To start, we now know Wall Street and Silicon Valley are not such radically different worlds after all. In March, Google made waves by hiring then-Morgan Stanley CFO Ruth Porat WG87 to bring big business savvy and discipline to the fun and quirky Google campus in Mountain View, California.
Cultural misfit or business fit, some wondered. A quickly trusted leader with the ear of Sergey Brin and Larry Page, it now seems clear. Porat is the new CFO not only of Google but of Alphabet as well. She is also seen as a major player behind the big corporate restructure.
Reading between the lines, Porat is on the same page as Google’s founders, with three core tenets to the go-forward plan:
First, allow the core of Google’s business (search, Android, email) to focus exclusively on what has made the company a titan, under new CEO Sundar Pichai WG02, who already had responsibility for these products.
Second, incubate radical new ideas, like driverless cars and contact lens computers, the chance to develop in an entrepreneurial spirit outside Google’s business core, but backed by all of the company’s immense financial muscle.

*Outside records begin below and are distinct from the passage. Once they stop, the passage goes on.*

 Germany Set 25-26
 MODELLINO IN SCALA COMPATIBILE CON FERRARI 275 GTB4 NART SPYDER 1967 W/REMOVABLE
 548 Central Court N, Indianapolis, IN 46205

Third, wrap everything up in high-quality financial supervision and management oversight, not in a heavy-handed way to stifle innovation but with a light and sophisticated touch that will turbocharge innovation while also pleasing Wall Street.
For all the energy of its startup culture, we are talking about a massive global conglomerate in Google. The new strategy is to nurture the entrepreneurial spirit that has made Google what it is today, while also fully embracing the responsibilities and challenges from its status as the bluest of blue chip firms.

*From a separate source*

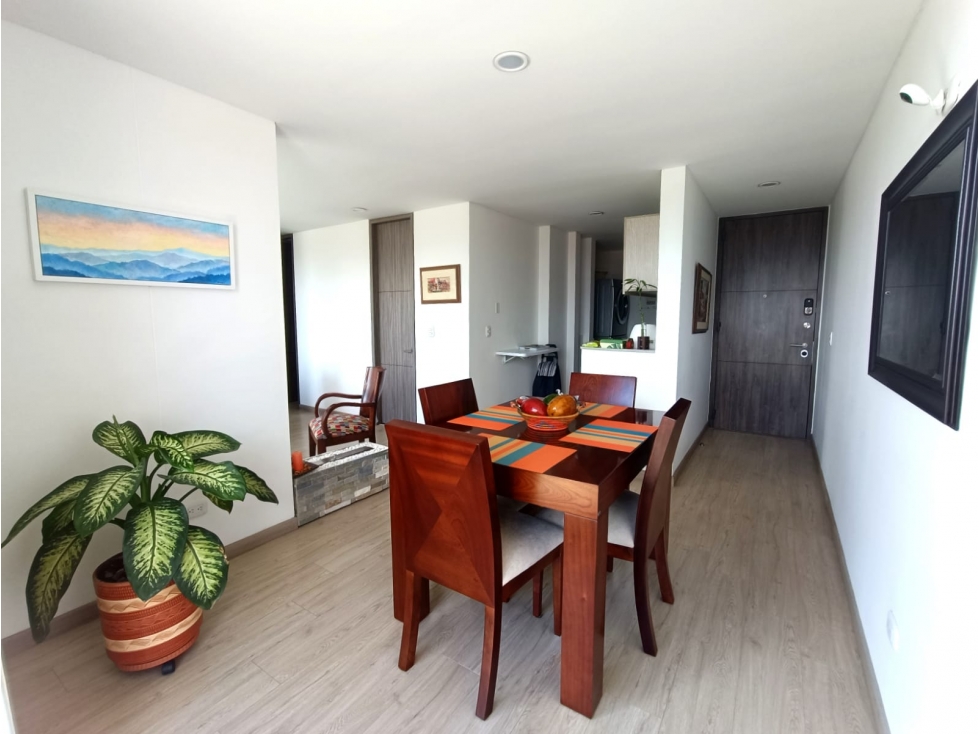 Vendo Apartamento en Conjunto Cerrado ubicado en Cajica. - 2
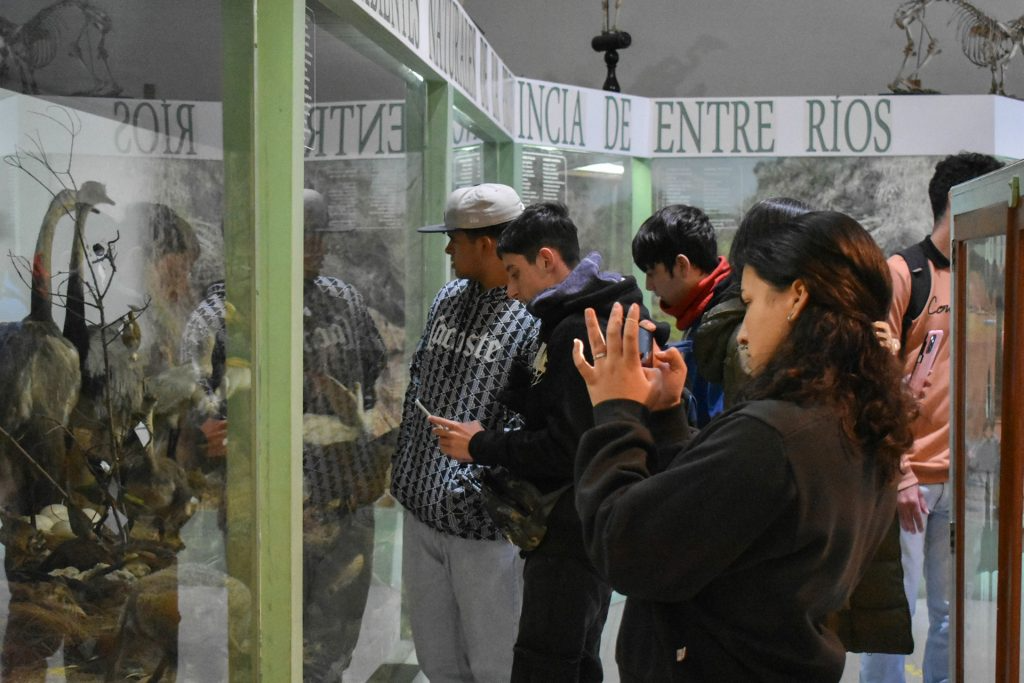 Vacaciones de invierno en Paraná: realizarán un taller gratuito para niños en el Museo Casa de Gobierno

Keeping these two worlds together and integrated is no small challenge. I am so pleased that Porat and Pichai have been called on to lead the charge.

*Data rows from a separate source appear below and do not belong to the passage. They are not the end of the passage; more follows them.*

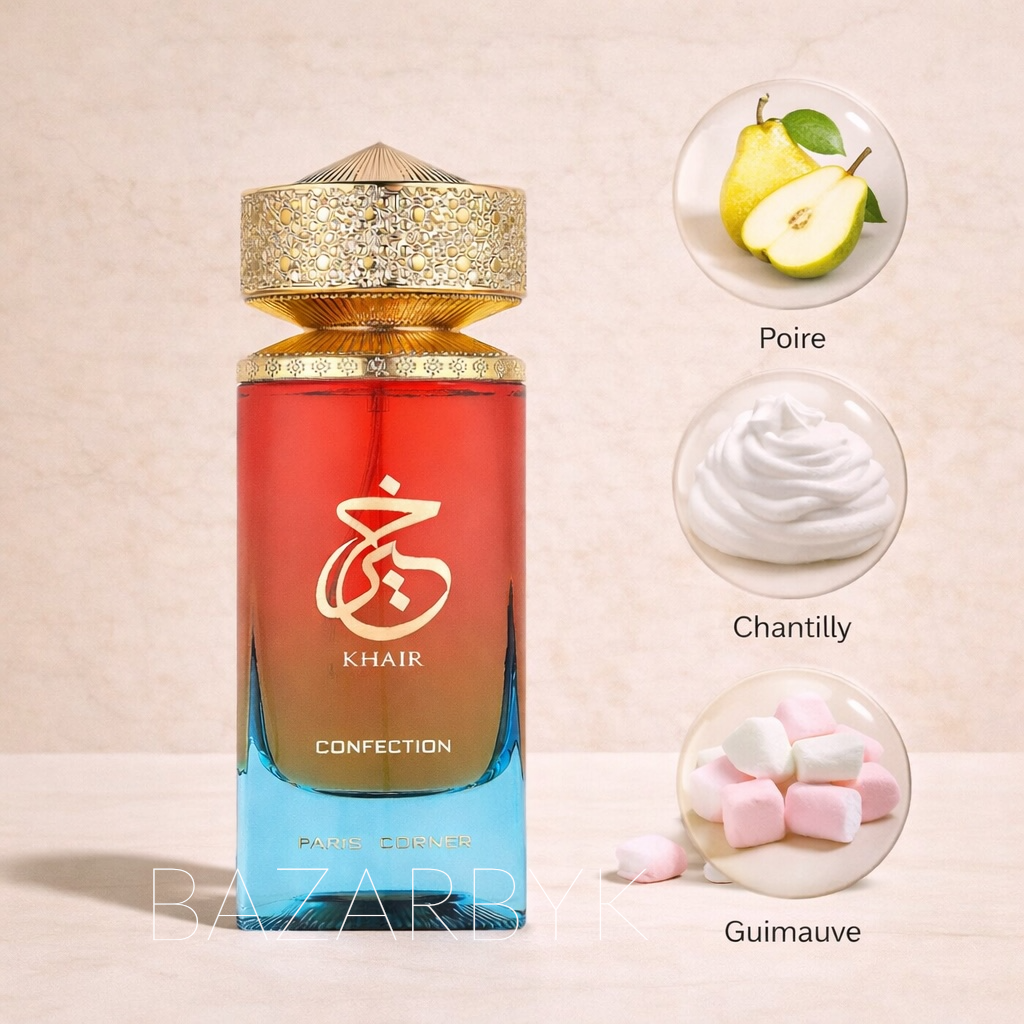 Khair Confection - Paris Corner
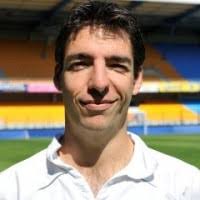 Sébastien renaud préparateur physique à l'Academy de l'Olympique Lyonnais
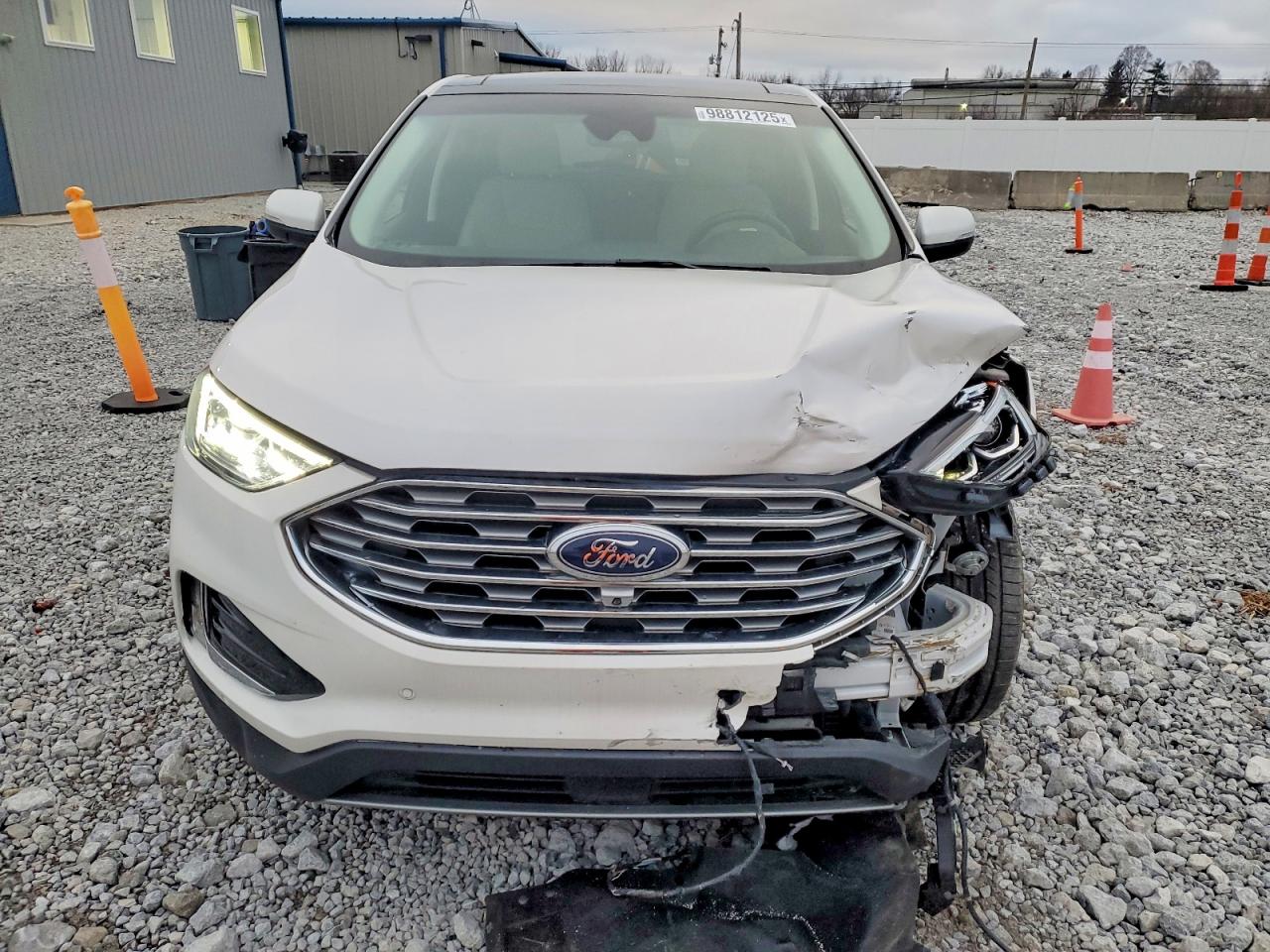 2019 FORD EDGE TITANIUM photo 5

After all, scaling businesses is what Wharton expertise does best—from private equity to tech. We do so by focusing simultaneously on the drivers of innovation and on the analytics needed to manage and lead complex organizations. And at Wharton, we practice what we preach.
Geoffrey Garrett is dean and Reliance Professor of Management and Private Enterprise at the Wharton School of the University of Pennsylvania.